Amazon.com(アマゾン)の新製品「Amazon Echo(アマゾンエコー)」の日本上陸で、注目を浴びるスマートスピーカー/AIスピーカー。新しい分野だけに定まった呼び方がなく、ちょっとした混乱も起きている。

Amazon Echoは、家庭のリビングなどに置くと、音声で話しかけるだけで調べものをしたり、音楽を再生したり、今後のスケジュールを確認したりできる機器。iPhoneやAndroidスマートフォンと異なり、手や視界をふさがずに操作がしやすい作りで、家事や趣味などをしながらの「ながら作業」に便利という期待がある。


すでにAmazon EchoだけでなくGoogleの「Google Home」やAppleの「HomePod」、Microsoftの「Cortana」を搭載した製品群などそうそうたる大企業の参入が相次いでおり、米国に続き日本でも身近になるのではないかと評判だ。

ただ、これらをまとめて何と総称すべきかはまだ固まっていない。報道などを見ると新聞、雑誌、テレビなどは「AIスピーカー」という表現がお気に入り。Amazon Echoなどが人間の呼びかけを認識、処理するため、深層学習など人工知能(AI)研究に有望な技術を取り入れた点に注目している。またAIという言葉自体が持つ魔法のような雰囲気も読者を惹きつけると考えてのことかもしれない。

インターネット発のニュースサイトなどは「スマートスピーカー」という表現をする場合がある。AIという言葉が誤解を招きやすいとして避けつつ、スマートフォンからの連想でなじみやすい響きを選んだというところ。

さらにTwitterやFacebookなどのSNSでは、そもそも「スピーカー」という形容に疑問を呈する向きもある。Amazon Echoなどは音声を認識するための好感度のマイクを備えるのはもちろん、外部機器と連携し、テレビの電源を点けたり消したり、エアコンの温度を調節したりするのだから、もっと違った名前にすべきというのだ。

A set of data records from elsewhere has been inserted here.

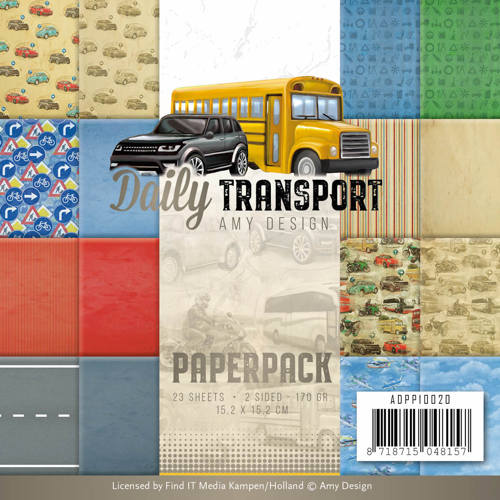 Amy Design Paperpack Papier Set Daily Transport 23 Blatt - 170g - 15,2x15,2cm 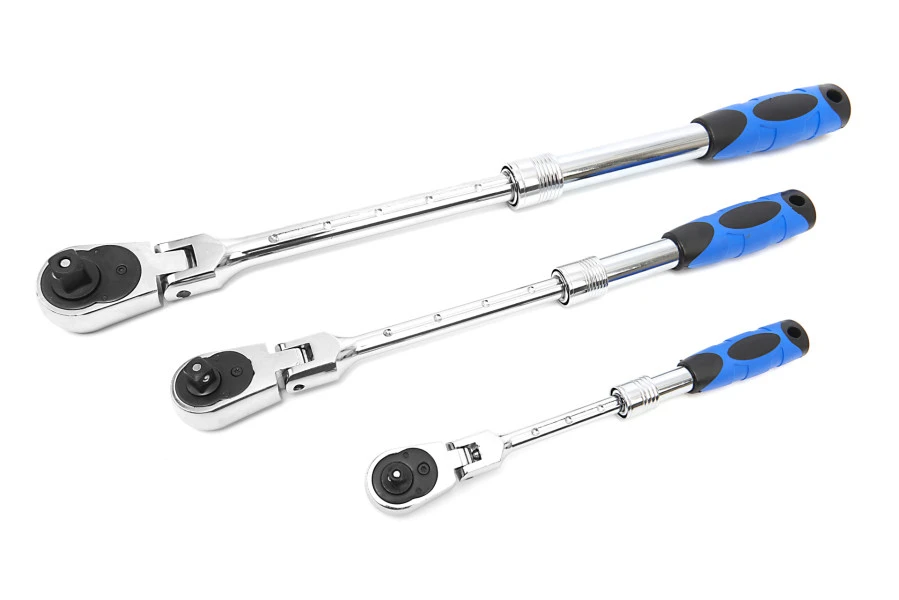 HBM 3 Delige Professionele Uitschuifbare Ratelset Met Kantelbare Koppen 3 HBM 3 Delige Professionele Uitschuifbare Ratelset Met Kantelbare Koppen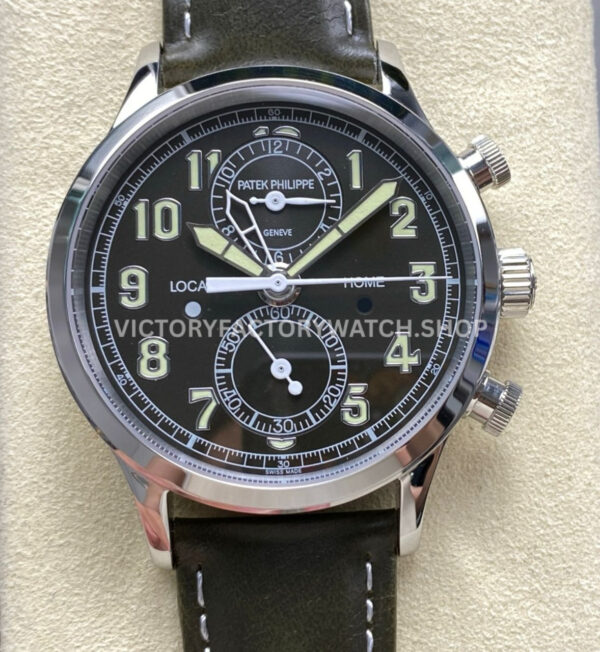 TW Factory Patek Philippe Pilot Travel Time Chronograph 5924G black dial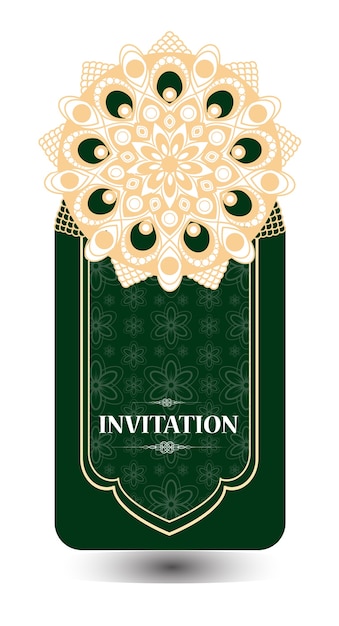 曼荼羅模様、花柄の曼荼羅と装飾品のヴィンテージ結婚式招待状。オリエンタルデザイン。アジア、アラブ、インド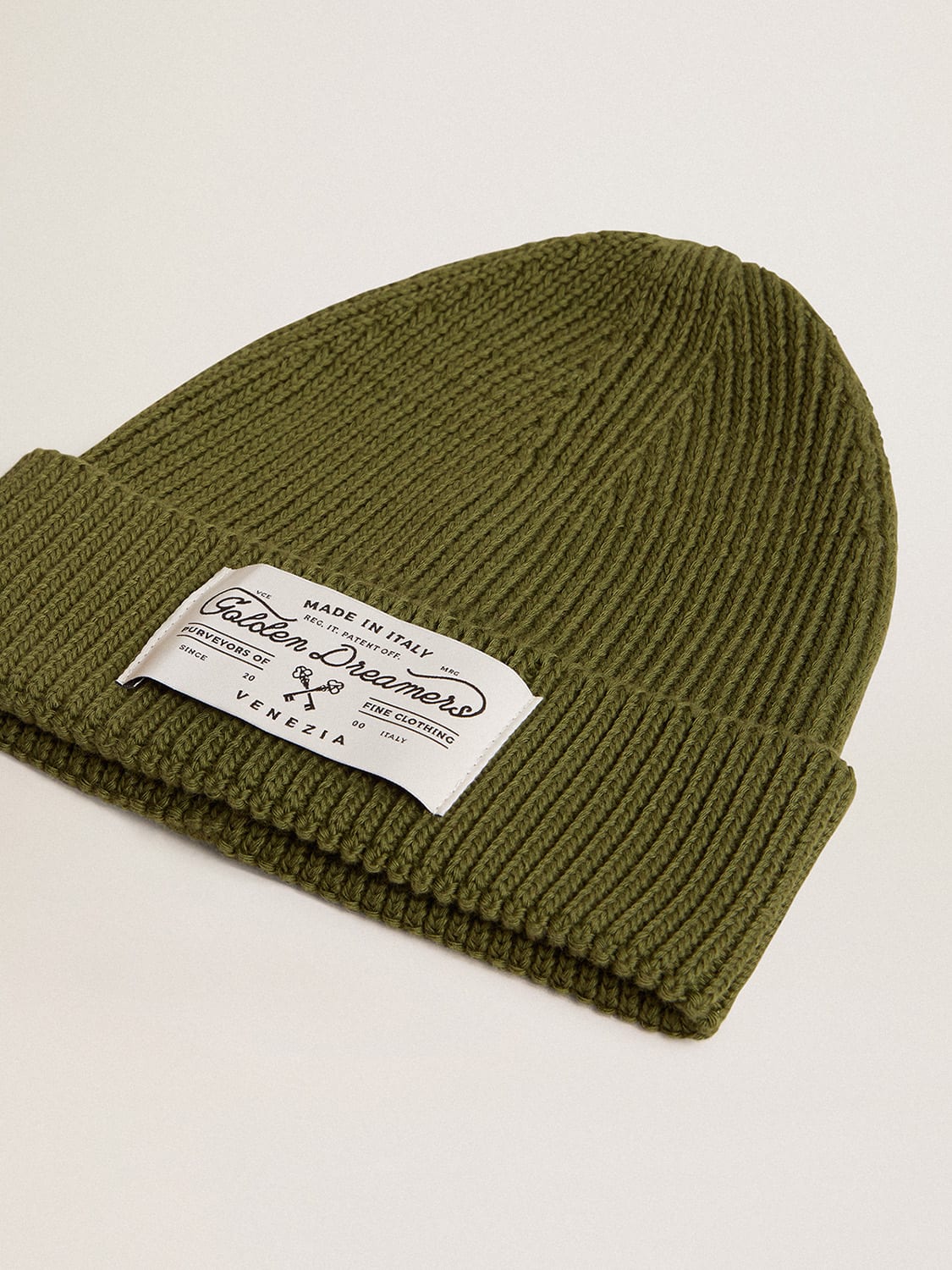 Golden Goose Military-green cotton beanie with appliqué label on the front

しかし例えばひところ出回った「スマートホームデバイス」といった言葉にすると、今度はやや漠然としすぎるきらいはある。

もっとも、もしAmazon Echoをはじめとする製品が、スマートフォンと同じく本当に生活に根づいてゆくのであれば、あれこれ気をもまずとも、いずれぴったりした呼び方は自然に決まっていくに違いない。